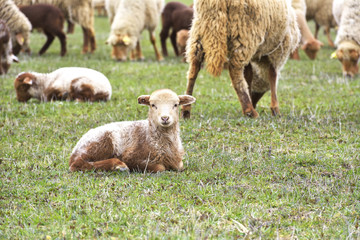 Naklejka na ściany i meble sheeps and lambs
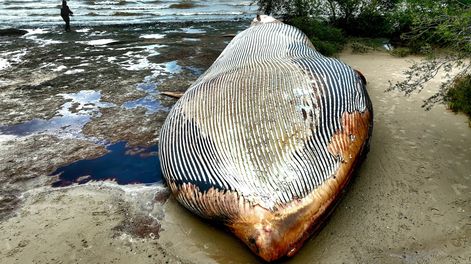Búsqueda | Ballena.jpg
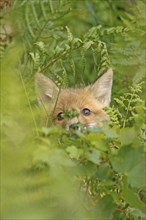 Red fox (Vulpes vulpes), A fox cub hides behind green leaves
◆ ◆ ◆ ◆ ◆ ◆ ◆
Activity: The output is to be the material in full and unaltered, with pictures omitted.

Solution:
 Naklejka na ściany i meble sheeps and lambs
Búsqueda | Ballena.jpg
 Red fox (Vulpes vulpes), A fox cub hides behind green leaves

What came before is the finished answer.